Source data
○ ○ ○ ○ ○ ○ ○
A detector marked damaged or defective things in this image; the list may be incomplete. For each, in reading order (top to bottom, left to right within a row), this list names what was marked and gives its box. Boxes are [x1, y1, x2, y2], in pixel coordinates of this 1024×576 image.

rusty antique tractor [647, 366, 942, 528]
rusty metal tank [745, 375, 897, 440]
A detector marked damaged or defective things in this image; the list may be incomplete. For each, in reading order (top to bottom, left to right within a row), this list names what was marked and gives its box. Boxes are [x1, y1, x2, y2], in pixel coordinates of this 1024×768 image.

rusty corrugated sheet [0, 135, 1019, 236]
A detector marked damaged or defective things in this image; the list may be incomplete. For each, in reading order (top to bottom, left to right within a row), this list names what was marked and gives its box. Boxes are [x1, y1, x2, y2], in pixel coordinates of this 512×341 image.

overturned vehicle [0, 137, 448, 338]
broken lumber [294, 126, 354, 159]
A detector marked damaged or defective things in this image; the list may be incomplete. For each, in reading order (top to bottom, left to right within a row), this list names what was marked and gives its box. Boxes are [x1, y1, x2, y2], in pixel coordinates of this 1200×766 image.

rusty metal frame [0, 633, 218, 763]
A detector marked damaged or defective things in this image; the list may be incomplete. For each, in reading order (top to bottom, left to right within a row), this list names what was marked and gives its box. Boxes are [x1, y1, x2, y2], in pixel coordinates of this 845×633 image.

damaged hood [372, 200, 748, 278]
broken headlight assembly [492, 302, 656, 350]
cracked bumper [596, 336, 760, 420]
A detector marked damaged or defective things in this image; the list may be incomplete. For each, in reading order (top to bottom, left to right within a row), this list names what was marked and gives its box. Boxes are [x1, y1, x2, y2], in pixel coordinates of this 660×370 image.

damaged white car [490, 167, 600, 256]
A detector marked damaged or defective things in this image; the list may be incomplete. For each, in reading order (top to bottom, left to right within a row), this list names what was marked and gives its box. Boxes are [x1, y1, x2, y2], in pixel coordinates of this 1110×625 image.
○ ○ ○ ○ ○ ○ ○
| WHAT YOU HAVE TO DO |
Start with the line that contains "this 660×370 image.", end with the last line of the entries, and please retype every line in that span exactly, with no others.

| THE ANSWER |
A detector marked damaged or defective things in this image; the list may be incomplete. For each, in reading order (top to bottom, left to right within a row), this list names what was marked and gives its box. Boxes are [x1, y1, x2, y2], in pixel coordinates of this 660×370 image.

damaged white car [490, 167, 600, 256]
A detector marked damaged or defective things in this image; the list may be incomplete. For each, in reading order (top to bottom, left to right within a row), this list names what was marked and gives its box. Boxes are [x1, y1, x2, y2], in pixel coordinates of this 1110×625 image.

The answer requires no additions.